As ethereum, at least for now, is the gateway to a whole new world of innovation in the defiance space, it may be the case the asset is undervalued, and perhaps significantly so.
That’s to be expected because just as bulls get euphoric and lose touch with reality, so do bears.
The latter have arguably been given plenty of bear reasons, but now that all this bearness has been let out of the system, it’s not clear what other negative is to be said about eth.
Yes, upgrades have been delayed because complex, or minecraft, or who knows. You might not even be sure whether they will ever launch.
Yes, eth devs, like bitcoin devs, can be arrogant with bad communication skills and dismissive of “investors.” Some have even left, slowing down things.
There’s no clear monetary policy – well, technically. Practically the intention is to reduce inflation to near zero.
All them ICOs sold and sold and many of them have nothing to show for it, with smart contracts still backdoored as a rule. That makes them semi-decentralized.
But throughout two years of bear all of this came out, and much more, yet ethereum still spent a year flat at $130.
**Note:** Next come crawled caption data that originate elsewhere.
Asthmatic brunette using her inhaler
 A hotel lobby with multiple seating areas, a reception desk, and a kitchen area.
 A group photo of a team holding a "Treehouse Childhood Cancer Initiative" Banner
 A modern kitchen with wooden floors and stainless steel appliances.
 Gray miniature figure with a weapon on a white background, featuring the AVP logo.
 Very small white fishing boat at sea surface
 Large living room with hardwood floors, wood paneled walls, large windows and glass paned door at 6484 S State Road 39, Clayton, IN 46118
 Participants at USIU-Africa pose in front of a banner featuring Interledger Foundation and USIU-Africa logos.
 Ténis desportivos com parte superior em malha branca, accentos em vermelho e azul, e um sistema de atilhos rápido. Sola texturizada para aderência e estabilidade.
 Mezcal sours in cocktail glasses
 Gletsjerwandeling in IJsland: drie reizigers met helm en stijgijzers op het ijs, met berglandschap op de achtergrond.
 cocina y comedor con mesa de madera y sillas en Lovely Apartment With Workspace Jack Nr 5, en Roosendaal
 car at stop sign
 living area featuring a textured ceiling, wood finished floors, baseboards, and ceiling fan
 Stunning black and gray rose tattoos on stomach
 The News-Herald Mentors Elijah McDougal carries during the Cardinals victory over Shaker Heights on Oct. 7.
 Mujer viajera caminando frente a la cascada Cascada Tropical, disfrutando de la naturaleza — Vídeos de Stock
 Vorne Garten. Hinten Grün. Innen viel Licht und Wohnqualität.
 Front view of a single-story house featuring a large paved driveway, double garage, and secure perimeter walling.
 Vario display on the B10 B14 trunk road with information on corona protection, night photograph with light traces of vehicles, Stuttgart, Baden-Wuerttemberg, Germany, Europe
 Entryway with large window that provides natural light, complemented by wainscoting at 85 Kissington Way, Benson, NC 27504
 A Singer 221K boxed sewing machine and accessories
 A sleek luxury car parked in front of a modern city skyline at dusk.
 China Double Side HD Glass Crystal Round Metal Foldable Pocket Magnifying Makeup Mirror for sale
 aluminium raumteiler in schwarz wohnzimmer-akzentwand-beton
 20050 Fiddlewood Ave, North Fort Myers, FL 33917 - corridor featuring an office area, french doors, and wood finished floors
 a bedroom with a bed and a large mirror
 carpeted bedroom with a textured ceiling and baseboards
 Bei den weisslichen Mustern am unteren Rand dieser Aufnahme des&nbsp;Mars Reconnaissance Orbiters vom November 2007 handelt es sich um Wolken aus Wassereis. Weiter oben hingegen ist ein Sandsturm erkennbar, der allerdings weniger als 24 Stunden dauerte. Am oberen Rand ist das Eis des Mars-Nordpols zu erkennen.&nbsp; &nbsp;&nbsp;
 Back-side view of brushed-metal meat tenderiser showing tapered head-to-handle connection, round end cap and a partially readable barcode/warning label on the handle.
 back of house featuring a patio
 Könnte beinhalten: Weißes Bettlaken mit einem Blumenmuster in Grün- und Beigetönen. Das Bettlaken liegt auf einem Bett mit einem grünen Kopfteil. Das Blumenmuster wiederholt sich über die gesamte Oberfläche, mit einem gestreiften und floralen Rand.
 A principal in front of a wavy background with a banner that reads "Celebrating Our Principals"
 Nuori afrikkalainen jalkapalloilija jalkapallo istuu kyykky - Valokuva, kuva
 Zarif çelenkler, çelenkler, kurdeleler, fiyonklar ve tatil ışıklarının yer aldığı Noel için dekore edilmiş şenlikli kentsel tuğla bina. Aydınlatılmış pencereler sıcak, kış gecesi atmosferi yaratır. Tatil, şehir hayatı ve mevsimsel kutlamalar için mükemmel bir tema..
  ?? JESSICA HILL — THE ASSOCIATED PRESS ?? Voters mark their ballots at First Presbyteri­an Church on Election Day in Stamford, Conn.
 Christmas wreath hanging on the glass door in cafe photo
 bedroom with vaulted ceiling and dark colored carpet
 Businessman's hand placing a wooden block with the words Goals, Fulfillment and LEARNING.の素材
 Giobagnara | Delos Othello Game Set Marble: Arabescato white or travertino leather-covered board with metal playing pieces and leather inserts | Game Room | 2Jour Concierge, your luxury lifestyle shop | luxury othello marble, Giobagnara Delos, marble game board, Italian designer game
Presumably that means all the negatives have been priced in, and the market still thinks – even very stubbornly – that eth is worth at least $130.
So if it can’t go down any further, presumably that means it has to go up because a lot of the potential has been overlooked during the bear, and things like the Dai Savings Rate launched only a few weeks ago.
That might seem like only one thing, but defi is or can be a raft of applications that basically slowly and gradually automate more financial services and improve upon banks as well as other financial entities.
Moreover the delay of upgrades has been priced in, but it’s not too clear whether their potential launch has been priced in as well.
Does the market for example really believe that ethereum’s inflation will fall to near zero or maybe even negative through fee burning?
Has potential demand to get interest through Proof of Stake (PoS) on a digital asset that has significant network effects been priced in? What of the out of market locked eth once PoS goes out? What of the new plans for sharding that start with turning eth1x into a PoS shard, with then other shards presumably revolving around it. Meaning the current ecosystem, with its synergy and all else, is kept as one.
We could go on, but ethereum has been declared dead this year and as you all know, what is dead can never die.
So it will probably rise again because there’s a lot of work to be done, there are a lot of low fruits to pick, there’s a lot of innovation that is being built, is in the process of being launched, and some in the drawing board or even not there yet.
The business model of Compound for example is a pretty interesting one. As it happens, you don’t quite need a token to fund open source projects.
And where it comes to valuation, if we take just one aspect like potentially automating some banking services, and we say a 20% chance of gaining even 1% of that market, we’d still be speaking trillions.
It’s not the strongest that survive, nor the most intelligent, but those more adaptable to change.